A primeira é de que a carta tenha, de fato, partido de um integrante do Comando Vermelho. O grupo criminoso é um dos maiores do país, domina o tráfico de drogas e de armas em várias regiões e é responsável por assaltos a bancos. No entanto, segundo os investigadores, o método utilizado para ameaçar o comandante não é usual da facção. Uma segunda frente de investigação trabalha com a hipótese de uma “produção interna”. A carta pode ter sido escrita por um militar, da ativa ou da reserva, que, por razões funcionais ou políticas, teve algum interesse contrariado e poderia estar tentando assustar o comandante. A terceira linha considera a possibilidade de o brigadeiro ter sido escolhido como alvo de extremistas. Depois da exigência e da ameaça, Damasceno é advertido de que não adiantava procurar o “Xandão”, referência ao ministro Alexandre de Moraes, do Supremo Tribunal Federal (STF), nem o ministro da Justiça Flávio Dino, porque “todos comem nas nossas mãos”.

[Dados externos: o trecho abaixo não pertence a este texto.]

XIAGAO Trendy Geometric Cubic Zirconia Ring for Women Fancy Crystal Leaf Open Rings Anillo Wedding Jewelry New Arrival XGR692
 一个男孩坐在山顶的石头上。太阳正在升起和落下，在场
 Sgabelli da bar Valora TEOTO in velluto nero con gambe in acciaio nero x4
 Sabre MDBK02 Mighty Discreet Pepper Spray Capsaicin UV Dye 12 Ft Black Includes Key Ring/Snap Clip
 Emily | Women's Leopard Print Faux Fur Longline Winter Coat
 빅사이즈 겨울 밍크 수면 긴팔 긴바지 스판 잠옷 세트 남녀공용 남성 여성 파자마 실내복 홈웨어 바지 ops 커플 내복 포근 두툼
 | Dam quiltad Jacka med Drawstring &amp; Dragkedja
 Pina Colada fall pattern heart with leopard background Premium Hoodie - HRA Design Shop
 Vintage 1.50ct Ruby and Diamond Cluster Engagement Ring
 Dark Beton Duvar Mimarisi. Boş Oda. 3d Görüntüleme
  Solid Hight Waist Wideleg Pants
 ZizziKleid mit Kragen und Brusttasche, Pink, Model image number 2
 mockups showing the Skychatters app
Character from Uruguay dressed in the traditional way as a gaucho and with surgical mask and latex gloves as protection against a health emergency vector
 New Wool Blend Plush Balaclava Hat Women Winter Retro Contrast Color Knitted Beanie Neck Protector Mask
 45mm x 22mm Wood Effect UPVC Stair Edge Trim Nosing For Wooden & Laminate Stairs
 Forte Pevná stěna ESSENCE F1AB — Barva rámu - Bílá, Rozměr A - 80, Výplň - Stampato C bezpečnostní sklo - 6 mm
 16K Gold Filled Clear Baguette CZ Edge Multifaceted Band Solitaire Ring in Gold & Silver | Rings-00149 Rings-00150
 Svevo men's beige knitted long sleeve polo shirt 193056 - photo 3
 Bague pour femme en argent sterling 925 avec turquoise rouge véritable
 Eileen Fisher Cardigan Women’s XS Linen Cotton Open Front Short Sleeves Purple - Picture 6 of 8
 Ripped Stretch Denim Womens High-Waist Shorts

Os detalhes da carta para o comandante da Aeronáutica
No envelope, está registrada a hora e a agência dos Correios onde a carta foi postada. Consta como endereço do remetente o Complexo Penitenciário de Bangu, onde, de fato, estão presos criminosos ligados ao Comando Vermelho. Percebe-se também que o autor da ameaça tem algum conhecimento sobre a Aeronáutica, como o tipo de armamento disponível em seus arsenais. Ainda chama atenção o fato de a carta ter erros estranhos de português, que, segundo os investigadores, podem ser mero despiste. Para reforçar a necessidade de investigar a terceira hipótese, um auxiliar do presidente da República lembrou que, nos últimos dois meses, houve um recrudescimento das tensões na caserna, motivada principalmente pela delação do tenente-coronel Mauro Cid, o ex-ajudante de ordens de Jair Bolsonaro, e pela guerra entre Israel e o Hamas, que reacendeu a polarização no país em meio a diferenças claras de posicionamento entre direita e esquerda em relação ao conflito.
Discreto e avesso a holofotes, Marcelo Damasceno galgou os mais importantes postos dentro da Aeronáutica. Em 2005, foi piloto do jato usado pelo então presidente Lula. Recentemente, ganhou visibilidade diante das operações de repatriação dos brasileiros que fugiam da guerra na Faixa de Gaza. A Força Aérea também está atuando na operação de Garantia da Lei e da Ordem (GLO) com o objetivo de combater o tráfico de drogas e de armas no Rio de Janeiro. Por tudo isso, o brigadeiro é considerado o comandante militar mais próximo do presidente da República. Por último, a carta foi postada duas semanas depois da primeira missão de repatriação. São peças que se encaixam nas hipóteses sob investigação. Desde que o prazo dado para cumprir a exigência de entregar as armas se esgotou, há um mês, a atenção com o esquema de segurança do brigadeiro foi redobrada — ele próprio passou a carregar uma pistola. Por cautela. Afinal, como ressalta um graduado assessor militar, as ruas estão cheias de loucos.